Je pense qu’il n’en est pas sorti. Il y a encore des tags, des graffitis, des fresques sans autorisation. Mais ce ne sont pas les mêmes personnes qui exposent dans les foires et qui sortent dehors faire des tags sur les rams de métro.
Par contre, nous sommes sortis de cette image de “petit voyous”, de “nulos”. C’est le marché de l’art qui a créé cette nouvelle image. On peut le critiquer autant qu’on peut l’en remercier. Pour ma part, le fait d’exposer dans des musées m’a donné d’autres envies, et quand je réalise des fresques, j’essaie aussi de me rapprocher de cette démarche muséale.
Que penses-tu des personnes qui considèrent que le street art ou le graffiti n’est pas de l’art ? Est-ce que notre société a une vision trop étriquée de l’art ?
Je ne pense pas que ce soit le cas. Au contraire, la majorité des gens vous diront qu’une fresque de street art est plus artistique qu’une œuvre d’art contemporain. De la couleur versus une planche pendue sur un mur. Et le marché de l’art l’a bien compris, nombreux comme moi travaillent avec des galeries. On voit les street artists décollaient plus vite que nos camarades qui font de l’art contemporain.
Est-ce que, selon toi, l’art (via le street art également) dérange ou peut déranger ?
Sans même parler du sens ou des peintures qui peuvent être provocantes. Il dérange déjà le propriétaire qui voit son mur sali par l’artiste qui pense que sa créativité mérite d’être montrée. Ensuite, les voisins peuvent ne pas aimer une fresque même si la mairie l’autorise. Ce sont des questions de goût. Mais il faut relativiser, ce n’est que de la peinture et il suffit d’un coup de rouleau pour tout faire disparaître. Rien de très grave.
Est-ce-que, selon toi, Banksy a réussi à faire accepter le street art comme une forme d’art consensuelle et/ou comme moyen d’expression politique ?
Banksy a surtout réussi à faire savoir que le street art peut valoir très cher. Et dans une société où l’on juge les gens du fait même de ce qu’ils gagnent, le prix d’une œuvre est devenu une mesure qui permet de déterminer si un artiste a du talent. Banksy a montré au monde que les street artists en avaient selon cette mesure.
Le street-art est-il forcément engagé ? Ou est-il uniquement un moyen d’expression ?
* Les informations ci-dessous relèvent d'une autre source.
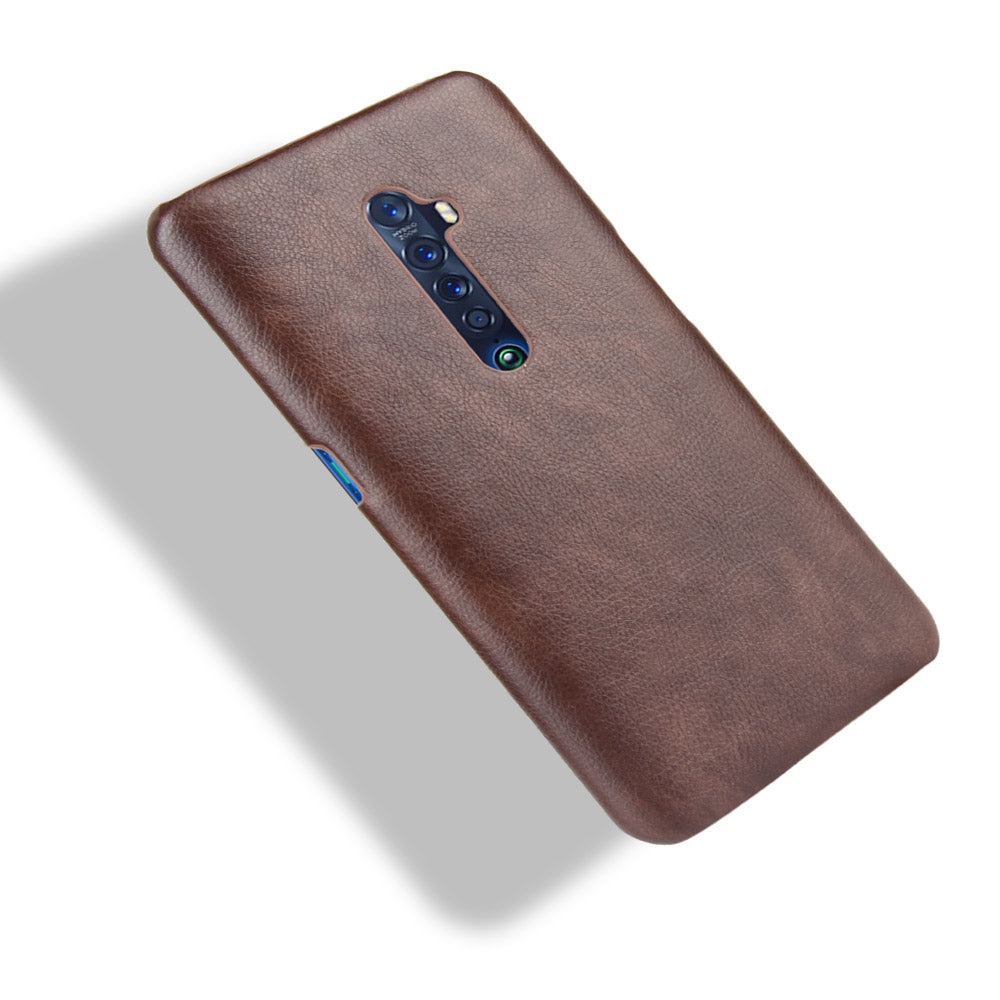 Litchi Texture PU Leather Coated PC Back Case for OPPO Reno 2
Ce sont des débats que nous avons avec mes amis. Chacun défend sa chapelle.
Moi, je dis qu’il est engagé par son essence même, c’est-à-dire d’aller dans la rue sans autorisation de prendre la parole donc de prendre le pouvoir. Le street art est un coup d’état à l échelle d’un muret. Mais il n’y a pas besoin de le faire avec des œuvres politisées. Il faut distinguer l’art et le militantisme. La nuance est fine et on peut vite basculer dans le second.
Est-ce-que le street-art est plus accessible que les autres formes d’art ? Si tel est le cas, penses-tu que le street art, maintenant qu’il est officiellement considéré comme une expression artistique, risque de perdre sa symbolique comme son accessibilité ?
C’est aux acteurs du milieu de savoir ce qu’ils souhaitent produire, car il faut faire un choix. Difficile de concilier travail dans la rue et en atelier. Le temps n’est pas extensible, donc faire du street art ou produire des toiles pour des expos, les deux sont durs à concilier. Et ce choix n’est pas facile. Céder au sirènes de la réussite économique ou continuer d’avoir un travail gratuit et créatif dans la rue. Tout est question de trouver l’équilibre.
Est-ce que le street art doit forcément être ludique et être à la portée de tous ?
Non. Déjà il n’y a aucune obligation. Chacun fait ce qu’il aime et c’est ça la beauté de la chose. Et moi, je préfère la diversité des formes et des discours.
Qu’adviendra-t-il du street art dans les années à venir ?
Selon l’horoscope de mon magazine d’art, le street art vivra longtemps, sera heureux et aura de très beaux enfants.